Mehter: Farsça Mihtar; en büyük, en üstün ve müjdeci” anlamındadır.
Mehteran: An Farsça çoğul ekidir, mehterler demektir. Derviş dervişan, Can canan, rehber rehberan, fatih fatihan gibi
Mehterhane: Zurna, nakkare, boru, zil, davul ve kösten kurulu askeri mızıka takımıdır. Mehterhanei Hakani - Mehterhanei Hümayün: Padişahlara ait olanlarına denir.
Mehteran bölüğü: Harp Dairesi Askeri müze müdürlüğüne bağlı bölüktür.
Mehter müziği: Klasik Türk müziğinin özelliklerini taşır. Değişik zamanlı 26 usul kullanılır: Peşrev, saz semaisi, söz semaisi, cengi harbi, türkü, murabba, raksiye, kalenderi vs.dir.
Mehter yürüyüşü: Yürüyüşe sağ ayakla başlanır, üç adım attıktan sonra sağa doğru dönülerek durulur; sonra sol adımla yürüyüşe başlanır, üçüncü adımda durularak sola doğru dönülür. Mehteran duraklayarak yola devam eder, geri adım atmaz.
Mehteran Duası:
Nağme: Duaya başlamadan önce, dinleyicileri duaya hazırlamak ve dikkatlerini toplamak için ney ve zurna gibi çalgı aletleriyle kısa bir nağme çalınır. Mehteran düşmana hücum etmeden önce Saff Suresi’nin 13. Ayetini okurdu: ”Allah'tan bir yardım, çok yakın bir fetih... İman sahiplerine müjde ver!” Bu sure Topkapı Sarayı Bab-ı Hümayun kapısının arka tarafında da yer almaktadır.
Salavat: Nağmenin ardından, Hz. Muhammed'e salat (saygı duası) ve selam okunur.
Dua: Allah'a yalvarış, zafer, barış, sağlık ve refah gibi temenniler yer alır.
Harp Duası: Fetih suresinin 1. Ayeti okunur. Çalgılara hafif hafif vururken “Allah Allah”, “Yektir Allah”, “Ya Fettah” (çok fetheden) diye bağırılır ve baş eğilir.
Gülbangi: Mehter müziğinden sonra yapılan duaya denir. Eyyamı adiye: Olağan günler, Cenk Gülbangi; Savaşa başlamadan önce okunan dualardır. Gülbangi Muhammed’i; Hz. Muhammed'e salat ve selam içerir.
Marş: Duanın sonunda “hu!” çekilir, sonunda da üç defa kös vurulur. Coşkulu bir marş çalınır.
Bölümlerin Yapısı:
İcracılar: Mehteran müziğini icra eden müzisyenlerdir.
Askerler: Mehteran gösterilerine görsellik ve coşku katarlar.
Yöneticiler: Bu grupta mehteran başı, bölükbaşı ve çavuşlar yer alır. Çavuşların elinde çevgan (çatal uçlu değnek) vardır. Mehterhane başçavuşu sarı entari, yeşil sarıklı kavuk, sarı mest giyer, sarı kemer takar ve hançer taşır.
Mehteran bölüğü Osmanlı İmparatorluğunda 100 ile 300 kişi arasında müzisyen ve askerden oluşabiliyordu. Günümüzde çoğunlukla 20 ile 50 kişiden oluşmaktadır.
Çalgı Aletleri (Evliya Çelebi altmış çalgı aleti ve çalgıcıyı sayar)
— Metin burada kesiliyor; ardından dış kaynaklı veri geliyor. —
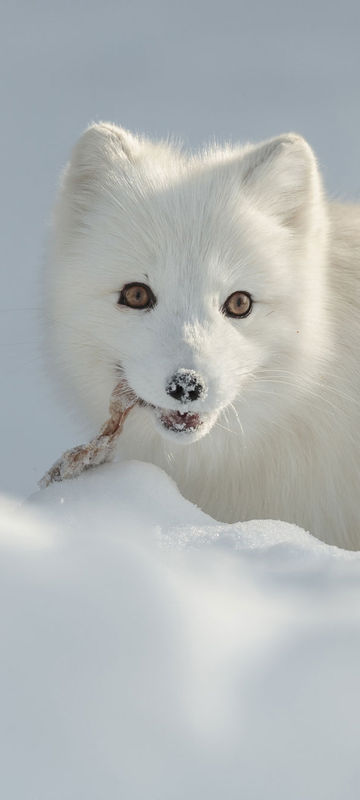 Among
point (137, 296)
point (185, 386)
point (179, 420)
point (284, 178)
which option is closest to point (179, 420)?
point (179, 420)

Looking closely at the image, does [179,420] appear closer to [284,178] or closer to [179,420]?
[179,420]

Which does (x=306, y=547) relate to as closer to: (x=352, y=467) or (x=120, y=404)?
(x=120, y=404)

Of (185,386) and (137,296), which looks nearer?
(185,386)

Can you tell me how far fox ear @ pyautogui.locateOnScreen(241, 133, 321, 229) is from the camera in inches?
168

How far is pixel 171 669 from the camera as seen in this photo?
2010 mm

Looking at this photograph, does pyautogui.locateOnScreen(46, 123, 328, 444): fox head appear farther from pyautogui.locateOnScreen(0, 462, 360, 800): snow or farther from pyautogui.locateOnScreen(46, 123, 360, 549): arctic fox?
pyautogui.locateOnScreen(0, 462, 360, 800): snow

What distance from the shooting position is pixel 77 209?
442 centimetres

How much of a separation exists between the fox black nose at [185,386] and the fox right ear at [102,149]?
131 cm

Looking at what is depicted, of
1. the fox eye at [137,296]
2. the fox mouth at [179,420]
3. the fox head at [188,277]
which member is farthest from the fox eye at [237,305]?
the fox mouth at [179,420]

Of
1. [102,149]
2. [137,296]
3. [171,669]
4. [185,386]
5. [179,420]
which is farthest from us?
[102,149]

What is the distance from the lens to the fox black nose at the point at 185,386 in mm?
3439

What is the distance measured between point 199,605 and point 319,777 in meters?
0.58

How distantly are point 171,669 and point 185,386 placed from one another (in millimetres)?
1555

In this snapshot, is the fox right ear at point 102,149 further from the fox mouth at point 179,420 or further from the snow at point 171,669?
the snow at point 171,669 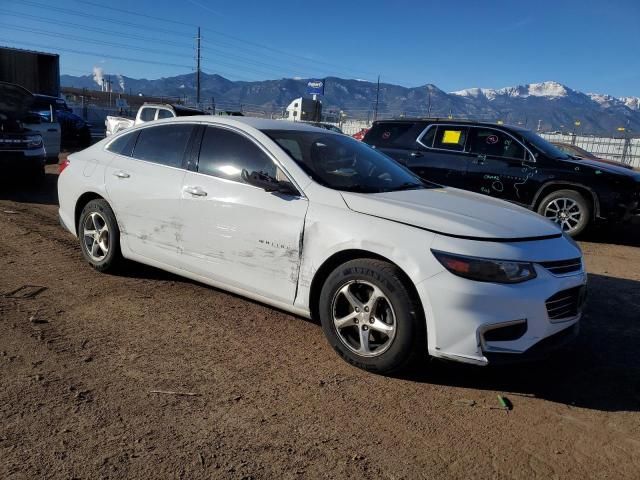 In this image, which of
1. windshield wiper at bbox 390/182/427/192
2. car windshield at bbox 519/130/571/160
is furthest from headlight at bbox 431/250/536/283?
car windshield at bbox 519/130/571/160

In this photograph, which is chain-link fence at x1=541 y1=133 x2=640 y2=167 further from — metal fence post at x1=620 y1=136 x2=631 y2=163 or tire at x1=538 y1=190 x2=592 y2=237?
tire at x1=538 y1=190 x2=592 y2=237

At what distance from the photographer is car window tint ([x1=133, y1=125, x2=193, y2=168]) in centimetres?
445

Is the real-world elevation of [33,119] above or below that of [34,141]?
above

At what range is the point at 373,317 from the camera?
324 centimetres

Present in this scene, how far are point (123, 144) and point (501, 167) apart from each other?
5892 mm

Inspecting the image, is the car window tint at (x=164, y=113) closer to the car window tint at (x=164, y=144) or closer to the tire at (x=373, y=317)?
the car window tint at (x=164, y=144)

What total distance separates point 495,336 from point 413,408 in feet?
2.04

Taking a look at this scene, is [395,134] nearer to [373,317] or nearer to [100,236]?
[100,236]

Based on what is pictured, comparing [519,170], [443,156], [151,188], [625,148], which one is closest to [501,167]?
[519,170]

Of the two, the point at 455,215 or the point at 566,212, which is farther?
the point at 566,212

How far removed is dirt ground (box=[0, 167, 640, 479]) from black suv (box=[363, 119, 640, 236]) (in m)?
3.90

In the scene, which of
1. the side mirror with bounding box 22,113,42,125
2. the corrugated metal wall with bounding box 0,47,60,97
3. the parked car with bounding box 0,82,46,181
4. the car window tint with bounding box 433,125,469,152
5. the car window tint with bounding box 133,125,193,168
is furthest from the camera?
the corrugated metal wall with bounding box 0,47,60,97

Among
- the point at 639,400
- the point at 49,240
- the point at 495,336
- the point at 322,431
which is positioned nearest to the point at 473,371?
the point at 495,336

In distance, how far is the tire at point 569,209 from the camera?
26.1 feet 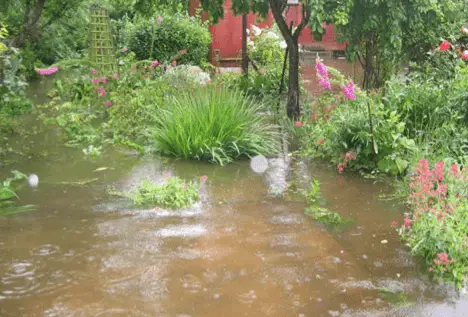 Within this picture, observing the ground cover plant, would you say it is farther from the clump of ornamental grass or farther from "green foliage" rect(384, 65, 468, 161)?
"green foliage" rect(384, 65, 468, 161)

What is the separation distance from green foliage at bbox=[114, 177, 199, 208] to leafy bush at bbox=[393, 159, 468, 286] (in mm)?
1940

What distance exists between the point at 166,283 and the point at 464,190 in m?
2.50

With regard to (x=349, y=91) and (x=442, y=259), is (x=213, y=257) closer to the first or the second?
(x=442, y=259)

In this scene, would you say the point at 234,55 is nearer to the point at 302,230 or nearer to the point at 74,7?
the point at 74,7

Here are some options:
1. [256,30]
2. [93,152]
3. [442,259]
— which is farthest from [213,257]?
[256,30]

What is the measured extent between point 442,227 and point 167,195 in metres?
2.47

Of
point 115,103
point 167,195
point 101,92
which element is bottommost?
point 167,195

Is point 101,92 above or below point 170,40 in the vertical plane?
below

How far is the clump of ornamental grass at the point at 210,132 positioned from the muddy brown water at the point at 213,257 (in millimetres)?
722

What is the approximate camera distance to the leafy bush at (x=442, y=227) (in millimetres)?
3812

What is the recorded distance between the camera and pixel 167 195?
5270 mm

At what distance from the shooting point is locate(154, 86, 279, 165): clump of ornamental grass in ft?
21.9

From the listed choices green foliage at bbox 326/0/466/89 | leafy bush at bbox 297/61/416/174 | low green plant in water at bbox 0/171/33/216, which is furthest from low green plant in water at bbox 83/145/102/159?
green foliage at bbox 326/0/466/89

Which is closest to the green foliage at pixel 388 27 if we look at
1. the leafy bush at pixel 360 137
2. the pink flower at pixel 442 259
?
the leafy bush at pixel 360 137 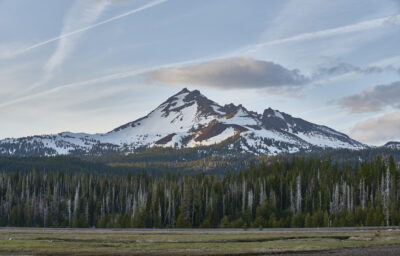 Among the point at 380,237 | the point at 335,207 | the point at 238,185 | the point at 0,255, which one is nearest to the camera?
the point at 0,255

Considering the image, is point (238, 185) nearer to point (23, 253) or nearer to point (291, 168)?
point (291, 168)

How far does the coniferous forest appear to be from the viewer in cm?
11894

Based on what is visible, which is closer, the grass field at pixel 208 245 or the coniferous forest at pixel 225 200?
the grass field at pixel 208 245

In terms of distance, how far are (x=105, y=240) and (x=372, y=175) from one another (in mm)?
95542

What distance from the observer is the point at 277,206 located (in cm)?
14125

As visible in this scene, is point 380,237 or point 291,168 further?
point 291,168

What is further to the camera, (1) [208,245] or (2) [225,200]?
(2) [225,200]

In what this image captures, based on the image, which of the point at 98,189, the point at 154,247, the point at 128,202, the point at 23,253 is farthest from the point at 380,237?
the point at 98,189

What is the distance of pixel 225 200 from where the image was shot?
141m

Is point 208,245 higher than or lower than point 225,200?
lower

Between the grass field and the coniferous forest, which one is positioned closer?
the grass field

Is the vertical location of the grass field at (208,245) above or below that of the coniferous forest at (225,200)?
below

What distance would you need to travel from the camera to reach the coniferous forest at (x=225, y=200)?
390 feet

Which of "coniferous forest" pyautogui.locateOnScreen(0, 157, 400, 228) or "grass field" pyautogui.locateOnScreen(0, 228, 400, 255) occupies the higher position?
"coniferous forest" pyautogui.locateOnScreen(0, 157, 400, 228) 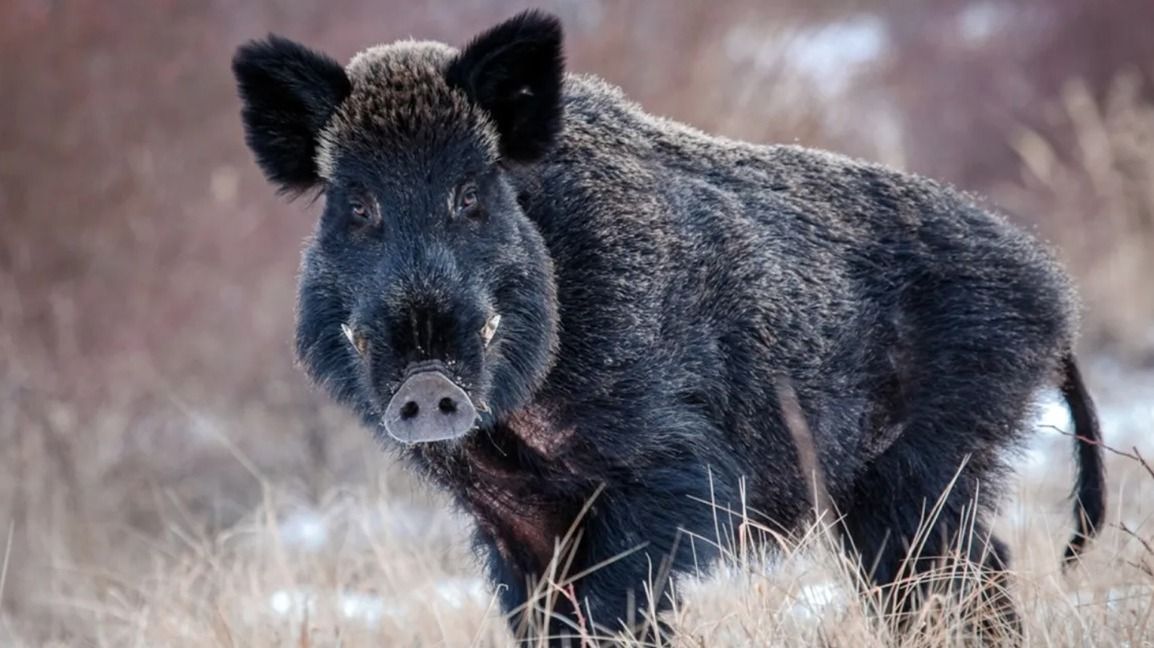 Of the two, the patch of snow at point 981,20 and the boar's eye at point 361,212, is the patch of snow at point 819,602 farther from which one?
the patch of snow at point 981,20

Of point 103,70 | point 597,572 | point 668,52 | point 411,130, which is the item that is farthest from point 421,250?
point 668,52

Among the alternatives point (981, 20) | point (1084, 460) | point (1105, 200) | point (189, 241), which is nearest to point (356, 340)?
point (1084, 460)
Davul: Mehteranın ritmik temelini oluşturan en önemli alettir. Farklı boyutlarda davullar kullanılır ve her birinin kendine özgü bir ismi ve işlevi vardır.
Kös: Davuldan daha büyüktür ve daha gür bir sese sahiptir.
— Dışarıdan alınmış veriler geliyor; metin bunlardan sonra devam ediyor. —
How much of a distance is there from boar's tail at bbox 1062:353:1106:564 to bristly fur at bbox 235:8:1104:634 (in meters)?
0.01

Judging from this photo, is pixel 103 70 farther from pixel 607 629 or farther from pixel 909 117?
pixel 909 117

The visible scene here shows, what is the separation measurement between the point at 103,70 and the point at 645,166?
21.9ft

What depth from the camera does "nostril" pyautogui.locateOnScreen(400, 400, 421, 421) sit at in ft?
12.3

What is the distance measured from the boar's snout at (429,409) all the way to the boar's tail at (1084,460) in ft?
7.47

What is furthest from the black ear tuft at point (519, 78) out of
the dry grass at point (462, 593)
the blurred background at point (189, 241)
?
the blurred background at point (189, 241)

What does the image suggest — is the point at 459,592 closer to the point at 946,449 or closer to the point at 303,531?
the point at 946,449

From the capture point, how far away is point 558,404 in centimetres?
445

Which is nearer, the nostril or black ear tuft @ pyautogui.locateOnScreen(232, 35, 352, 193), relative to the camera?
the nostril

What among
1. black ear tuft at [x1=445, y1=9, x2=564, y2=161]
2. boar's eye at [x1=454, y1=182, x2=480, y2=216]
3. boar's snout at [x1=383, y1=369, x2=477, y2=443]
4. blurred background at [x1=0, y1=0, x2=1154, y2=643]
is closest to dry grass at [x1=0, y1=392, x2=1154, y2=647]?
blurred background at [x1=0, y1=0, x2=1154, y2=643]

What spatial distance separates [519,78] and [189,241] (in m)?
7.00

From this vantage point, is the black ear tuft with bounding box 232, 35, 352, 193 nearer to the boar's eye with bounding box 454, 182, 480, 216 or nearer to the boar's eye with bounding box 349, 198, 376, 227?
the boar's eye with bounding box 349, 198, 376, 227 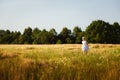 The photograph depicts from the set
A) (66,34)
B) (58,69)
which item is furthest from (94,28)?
(58,69)

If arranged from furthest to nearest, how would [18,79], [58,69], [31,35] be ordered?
[31,35] → [58,69] → [18,79]

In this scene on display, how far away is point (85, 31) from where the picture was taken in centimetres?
7750

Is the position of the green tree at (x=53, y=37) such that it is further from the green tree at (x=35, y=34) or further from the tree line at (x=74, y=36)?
the green tree at (x=35, y=34)

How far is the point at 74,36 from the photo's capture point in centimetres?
8175

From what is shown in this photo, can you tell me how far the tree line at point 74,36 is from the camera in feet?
237

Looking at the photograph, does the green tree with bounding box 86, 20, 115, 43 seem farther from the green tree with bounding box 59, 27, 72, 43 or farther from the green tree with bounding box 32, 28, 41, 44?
the green tree with bounding box 32, 28, 41, 44

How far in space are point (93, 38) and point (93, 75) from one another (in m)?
67.3

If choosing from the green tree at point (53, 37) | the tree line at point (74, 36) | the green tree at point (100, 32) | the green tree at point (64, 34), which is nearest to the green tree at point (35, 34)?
the tree line at point (74, 36)

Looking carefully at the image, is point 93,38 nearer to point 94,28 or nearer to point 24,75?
point 94,28

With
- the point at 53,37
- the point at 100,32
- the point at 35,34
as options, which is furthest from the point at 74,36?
the point at 35,34

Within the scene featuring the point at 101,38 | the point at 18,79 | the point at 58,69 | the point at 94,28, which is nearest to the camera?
the point at 18,79

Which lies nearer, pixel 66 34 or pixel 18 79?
pixel 18 79

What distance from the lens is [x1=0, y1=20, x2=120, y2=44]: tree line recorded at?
72312mm

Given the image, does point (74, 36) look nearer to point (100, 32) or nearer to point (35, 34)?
point (100, 32) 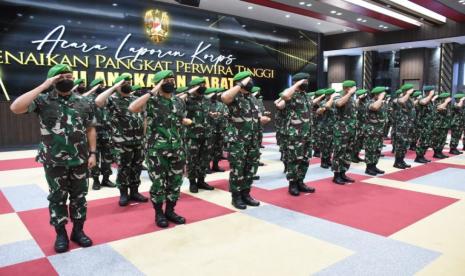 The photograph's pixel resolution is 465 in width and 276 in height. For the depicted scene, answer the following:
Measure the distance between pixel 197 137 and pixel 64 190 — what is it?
92.4 inches

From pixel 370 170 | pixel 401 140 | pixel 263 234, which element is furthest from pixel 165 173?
pixel 401 140

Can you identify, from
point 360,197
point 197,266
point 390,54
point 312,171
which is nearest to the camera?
point 197,266

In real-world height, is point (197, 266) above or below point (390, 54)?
below

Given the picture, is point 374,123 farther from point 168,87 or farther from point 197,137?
point 168,87

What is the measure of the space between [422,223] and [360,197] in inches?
41.4

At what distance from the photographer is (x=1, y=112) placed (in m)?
8.91

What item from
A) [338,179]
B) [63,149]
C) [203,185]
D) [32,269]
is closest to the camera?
[32,269]

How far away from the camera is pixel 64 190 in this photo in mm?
2820

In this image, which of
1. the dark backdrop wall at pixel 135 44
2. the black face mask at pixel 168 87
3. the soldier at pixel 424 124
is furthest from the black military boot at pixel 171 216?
the dark backdrop wall at pixel 135 44

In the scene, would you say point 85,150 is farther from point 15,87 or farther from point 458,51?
point 458,51

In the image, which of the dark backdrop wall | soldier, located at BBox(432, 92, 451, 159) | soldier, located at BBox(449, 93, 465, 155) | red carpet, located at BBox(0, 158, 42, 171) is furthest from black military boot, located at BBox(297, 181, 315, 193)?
the dark backdrop wall

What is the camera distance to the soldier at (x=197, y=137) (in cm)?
489

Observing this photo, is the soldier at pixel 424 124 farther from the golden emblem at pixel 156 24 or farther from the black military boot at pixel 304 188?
the golden emblem at pixel 156 24

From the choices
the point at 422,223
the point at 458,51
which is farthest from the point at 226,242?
the point at 458,51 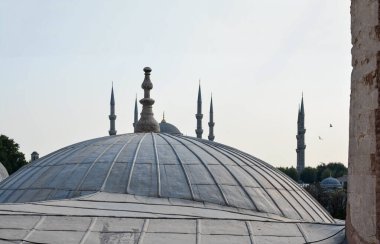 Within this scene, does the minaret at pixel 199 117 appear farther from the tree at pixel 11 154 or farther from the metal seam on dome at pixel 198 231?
the metal seam on dome at pixel 198 231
Zurna: Mehteranın kuvvetli ve tiz ve yüksek sesli çalgısıdır.
Ney: Duygusal ve hüzünlü ses tonu ile dinleyiciyi etkiler.
Def: Farklı boyutlarda defler kullanılır
Bendir: En yaygın kullanılan def türüdür.
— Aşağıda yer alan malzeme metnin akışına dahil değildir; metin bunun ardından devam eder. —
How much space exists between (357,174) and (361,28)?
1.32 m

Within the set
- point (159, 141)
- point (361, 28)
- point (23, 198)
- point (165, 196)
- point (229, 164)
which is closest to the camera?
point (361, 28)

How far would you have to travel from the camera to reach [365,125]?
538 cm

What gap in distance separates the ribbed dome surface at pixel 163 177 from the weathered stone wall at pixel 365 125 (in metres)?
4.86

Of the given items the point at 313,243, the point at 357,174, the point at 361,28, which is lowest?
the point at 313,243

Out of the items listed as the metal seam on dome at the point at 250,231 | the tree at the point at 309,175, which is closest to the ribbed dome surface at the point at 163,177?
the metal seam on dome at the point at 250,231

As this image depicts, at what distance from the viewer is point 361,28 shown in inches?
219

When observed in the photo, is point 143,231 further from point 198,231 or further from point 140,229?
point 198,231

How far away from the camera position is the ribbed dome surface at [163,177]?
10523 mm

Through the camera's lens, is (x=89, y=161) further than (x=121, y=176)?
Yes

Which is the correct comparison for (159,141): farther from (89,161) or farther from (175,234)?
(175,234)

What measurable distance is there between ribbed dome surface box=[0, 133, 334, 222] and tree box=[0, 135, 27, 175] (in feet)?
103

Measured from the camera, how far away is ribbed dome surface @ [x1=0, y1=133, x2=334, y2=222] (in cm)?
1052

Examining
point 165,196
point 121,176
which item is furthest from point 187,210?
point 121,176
Kudüm: Bendirden daha küçük ve daha tiz seslidir. : İki küçük davuldan oluşur.
Rebap: Telleri ile farklı bir ses tonu üretir ve genellikle sololarda kullanılır.
Zil: çeşitli boyutlardadır, ritme çeşitlilik katar.
Mehteran Nağarası: Bir çeşit davuldur. Mehteranın giriş ve çıkışlarında çalınır.
Boru: Savaşlarda ve törenlerde kullanılan bir üflemeli çalgıdır.
Şakrak: Ritme eşlik eden, metalden yapılmış küçük bir çalgıdır.
Nakkare: İki küçük davuldan oluşan vurmalı çalgı.
Çevgan: Üzerine küçük zil takılmış bayrak benzeri bir aksesuar.
Referanslar
Ögel, B. 1991). Türklerde Devlet ve Ordu Mehteri (Hunlardan Osmanlılara) 8. Cilt. Ankara: Kültür Bakanlığı Yayınları; Aşık Paşazade (2003). Osmanoğulları'nın Tarihi, K Kitaplığı 28 Anatolia 3 Koç Kültür Sanat Tanıtım A.Ş.; Ortaylı, İ. (2008). Osmanlı Sarayında hayat. İzmir: Yitik Hazine Yayınları; Koca, S. (2000). Selçuklu Devri Türk Tarihinin Temel Meseleleri. Berikan Yayınevi; Evliya Çelebi (2000). Günümüz Türkçesiyle Evliya Çelebi Seyahatnamesi İstanbul Birinci cilt, İkinci kitap. İstanbul: Yapı Kredi Yayınları.